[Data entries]
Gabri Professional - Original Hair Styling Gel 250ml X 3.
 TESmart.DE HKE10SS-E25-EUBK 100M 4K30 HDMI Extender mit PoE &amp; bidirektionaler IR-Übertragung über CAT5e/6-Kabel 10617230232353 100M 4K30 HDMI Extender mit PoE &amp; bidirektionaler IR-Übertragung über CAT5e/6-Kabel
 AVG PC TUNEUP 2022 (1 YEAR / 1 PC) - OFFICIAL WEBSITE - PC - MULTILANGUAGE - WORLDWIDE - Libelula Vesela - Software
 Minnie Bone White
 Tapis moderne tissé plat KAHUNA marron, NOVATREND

EXERCISE DESCRIPTION |
What's needed is an exact copy of every entry.

RESULT BELOW |
Gabri Professional - Original Hair Styling Gel 250ml X 3.
 TESmart.DE HKE10SS-E25-EUBK 100M 4K30 HDMI Extender mit PoE &amp; bidirektionaler IR-Übertragung über CAT5e/6-Kabel 10617230232353 100M 4K30 HDMI Extender mit PoE &amp; bidirektionaler IR-Übertragung über CAT5e/6-Kabel
 AVG PC TUNEUP 2022 (1 YEAR / 1 PC) - OFFICIAL WEBSITE - PC - MULTILANGUAGE - WORLDWIDE - Libelula Vesela - Software
 Minnie Bone White
 Tapis moderne tissé plat KAHUNA marron, NOVATREND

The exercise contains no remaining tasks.